Creating New Parsers 🕷️

In Gifty, data collection is automated using Scrapy. For rapid development, we use a base class that handles boilerplate tasks related to task queues and API integration.


🚀 Quick Start

1. Environment Setup

Make sure you have the development dependencies installed:

pip install -r requirements.txt

2. Create Spider File

Create a new file in the services/gifty_scraper/spiders/ directory.
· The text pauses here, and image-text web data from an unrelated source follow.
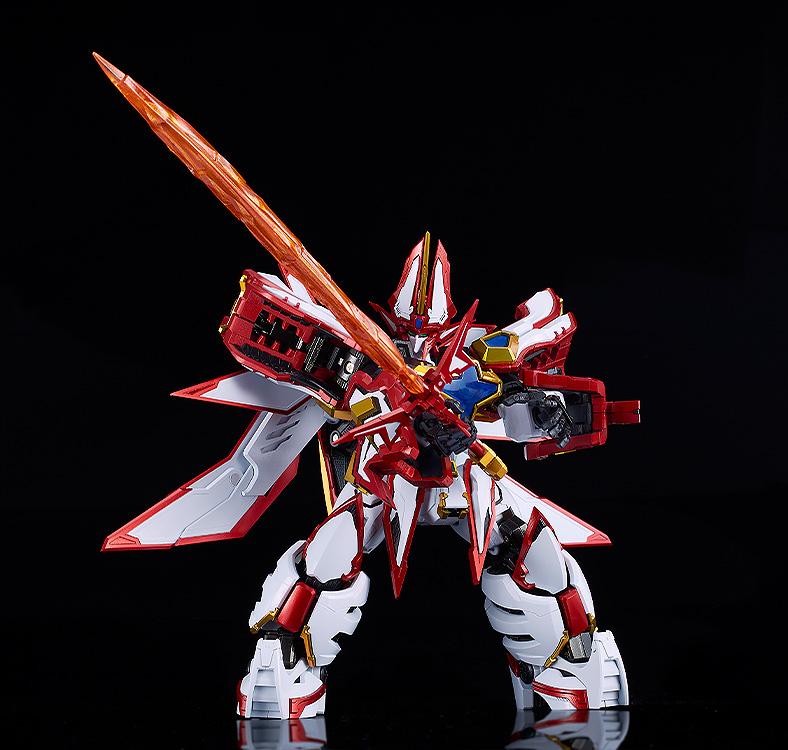 Mado King Granzort Hagane Works King's Style Super Granzort Action Figure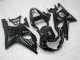 Suzuki GSXR 1000 Motorrad Verkleidung 2000-2002 - Glanzendes Schwarz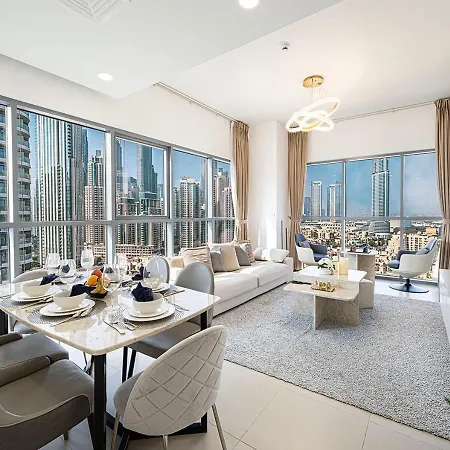 Magnificent 4 Bedroom Apartment, Bellevue Tower Dubai Exterior photo
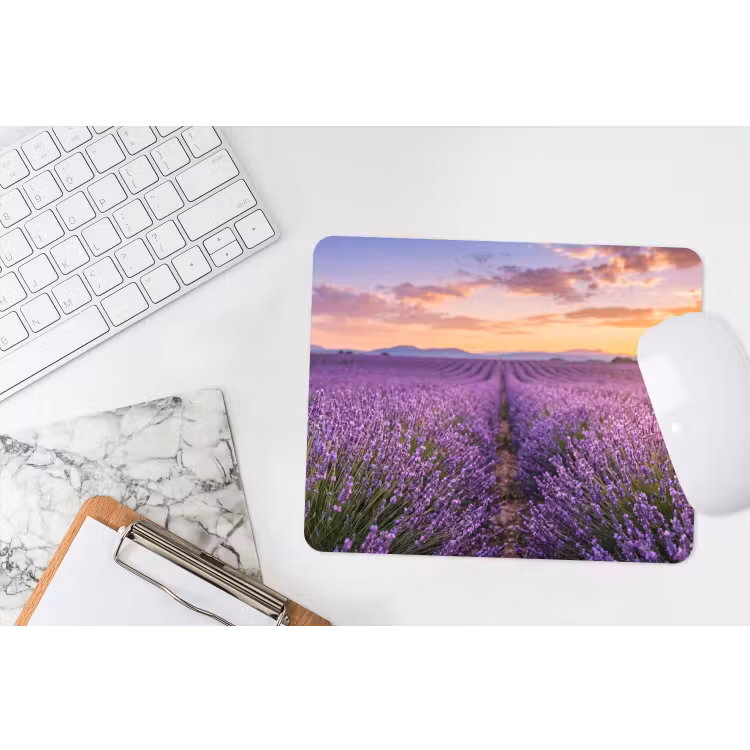 Muismat - Lavendel - Veld - Natuur - Paars — 2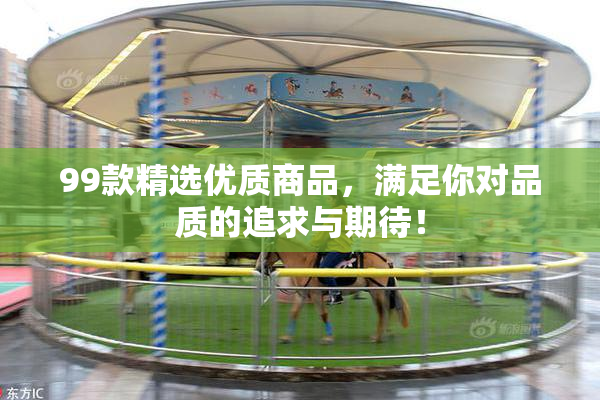 99款精选优质商品，满足你对品质的追求与期待！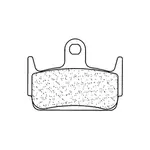 Plaquettes de frein CL BRAKES 3041SC métal fritté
Name it after the target website, e.g., ozon.py or my_shop.py.

3. Write Core Logic

Inherit from GiftyBaseSpider to minimize template code.

from gifty_scraper.base_spider import GiftyBaseSpider

class MyShopSpider(GiftyBaseSpider):
    name = "my_shop"        # Unique name for console execution
    allowed_domains = ["myshop.ru"]
    site_key = "myshop"    # Key used by the scheduler to find this spider

    def parse_catalog(self, response):
        # Locate product card containers
        items = response.css('.product-card')

        for item in items:
            yield self.create_product(
                title=item.css('.title::text').get().strip(),
                product_url=response.urljoin(item.css('a::attr(href)').get()),
                price=item.css('.price-value::text').re_first(r'(\d+)'),
                image_url=item.css('img::attr(src)').get(),
                merchant="My Shop",
                raw_data={"source": "scrapy_v1"}
            )

        # Handle pagination (if strategy="deep")
        if self.strategy == "deep":
            next_page = response.css('a.next-btn::attr(href)').get()
            if next_page:
                yield response.follow(next_page, self.parse_catalog)

🛠️ Testing and Debugging

Use the provided script to verify logic without running the full infrastructure (Docker/API):

python3 scripts/test_spider.py my_shop "https://myshop.ru/catalog" --limit 10
  • --limit: Limits collection (e.g., first 10 items).
  • --output: Result filename (defaults to test_results.json).

Check the generated JSON file — if it contains data, your selectors are working correctly.


⛓️ System Registration

To enable the system to use the new spider automatically:

1. Update the Worker

Open services/run_worker.py and add your class to the SPIDERS dictionary:

from gifty_scraper.spiders.my_shop import MyShopSpider

SPIDERS = {
    "mrgeek": MrGeekSpider,
    "myshop": MyShopSpider,  # <-- Add here
}

2. Add Source to Database

To start receiving tasks from the scheduler, create an entry in the parsing_sources table:

INSERT INTO parsing_sources (url, type, site_key, priority, refresh_interval_hours, is_active)
VALUES ('https://myshop.ru/catalog', 'list', 'myshop', 50, 24, true);

💡 Best Practices

  1. Throttling: Default delay is 1s. If blocked, increase DOWNLOAD_DELAY in settings.py.
  2. CSS vs XPath: Use CSS selectors wherever possible for better readability.
  3. Images: Always ensure image_url is an absolute URL (use response.urljoin).
  4. Batching: Our Pipeline automatically batches items (default 50) before sending them to the API to save resources.